En Nueva Castilla corría el rumor de que, bastante más hacia el norte, había una ciudad increíblemente rica, hecha de oro, en la que vivían nativos americanos. En una ceremonia real, el nuevo jefe de la ciudad era cubierto de polvo de oro, y luego navegaba en una balsa junto a cuatro sacerdotes, con coronas y adornos de oro, sobre una laguna.
Una vez allí, cientos de piedras preciosas y objetos de oro eran arrojados al agua, mientras los habitantes del lugar cantaban y celebraban al nuevo mandatario desde la orilla.
La civilización de El Dorado existía y se llamaba Muisca. Habitaban el territorio de lo que luego se convirtió en Nuevo Reino de Granada —hoy Venezuela, Ecuador y Colombia—, más precisamente a unos 75 kilómetros al noreste, en los alrededores de la laguna de Guatavita.
Precisamente en esa laguna se realizaba el rito sagrado de los muiscas para investir al nuevo zipa, el cacique del pueblo, desde su origen en el siglo VII. Aunque su ciudad no estaba hecha de oro, el metal ocupaba un lugar importante en la cultura muisca.

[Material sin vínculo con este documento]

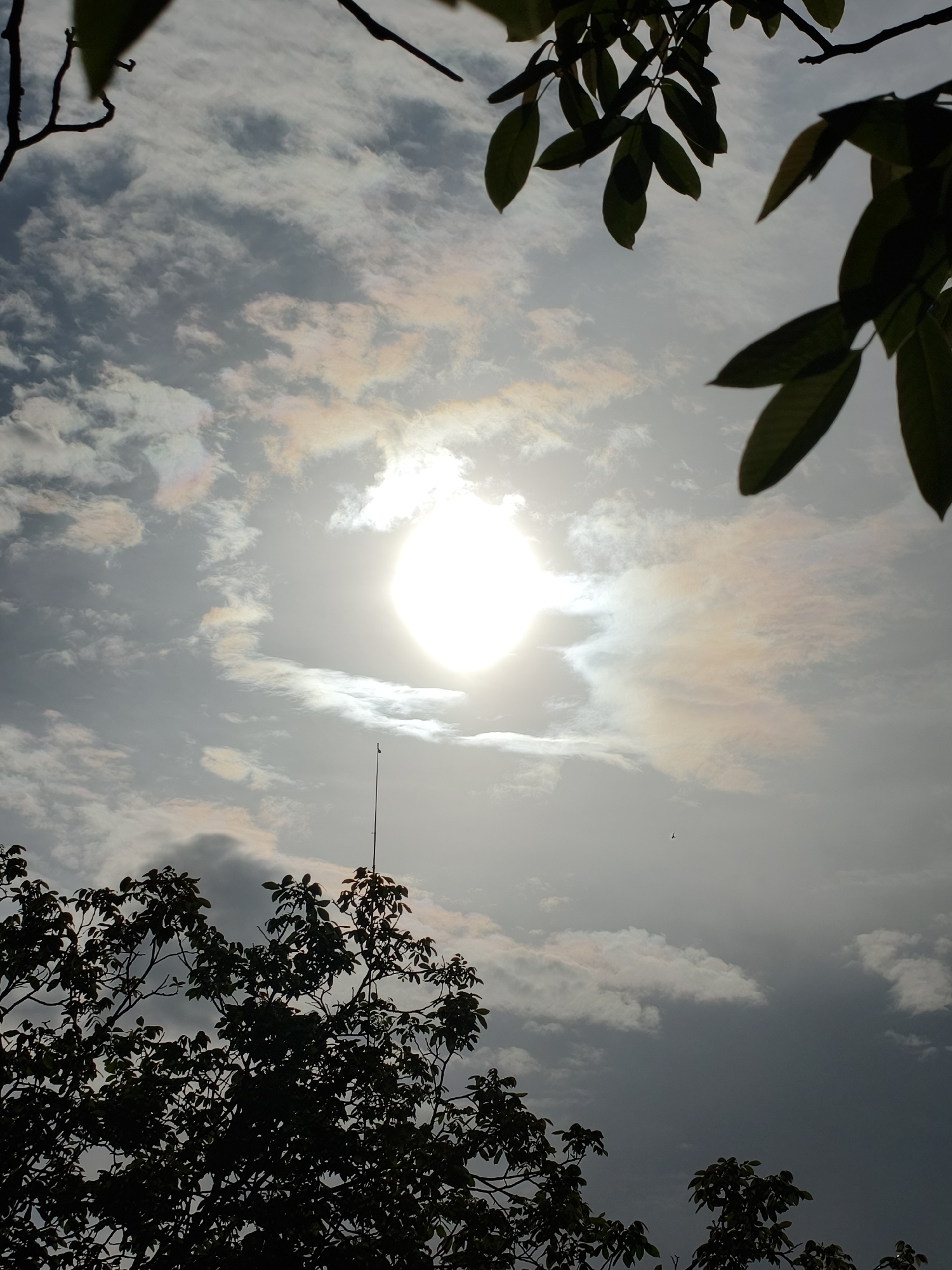 The image depicts a view towards the sky, partially framed by tree foliage. The sun, a bright, circular orb, is positioned near the center of the frame and is surrounded by clouds. Some of the clouds exhibit iridescence, displaying rainbow-like colors. A thin antenna is visible extending upwards from the lower central area. A bird is also present near the center of the frame. The trees are in the foreground, with their leaves appearing as silhouettes against the bright sky. The location is Kryvyi Rih, Ukraine.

Solía utilizarse la tumbaga, una aleación de oro, plata y cobre, con la que elaboraban esculturas y diversos objetos. Los muiscas les otorgaban a estos metales un valor espiritual, relacionado directamente con las deidades de su sistema de creencias y simbolizaban la armonía dentro de su sociedad.
Una de las piezas más importantes de la cultura muisca que lograron conservarse representa a la Balsa Muisca, embarcación en la que se realizaba el rito de asunción de cada zipa.
Actualmente, la pieza se encuentra resguardada en el Museo del Oro de Bogotá y es considerada un símbolo identitario de Colombia.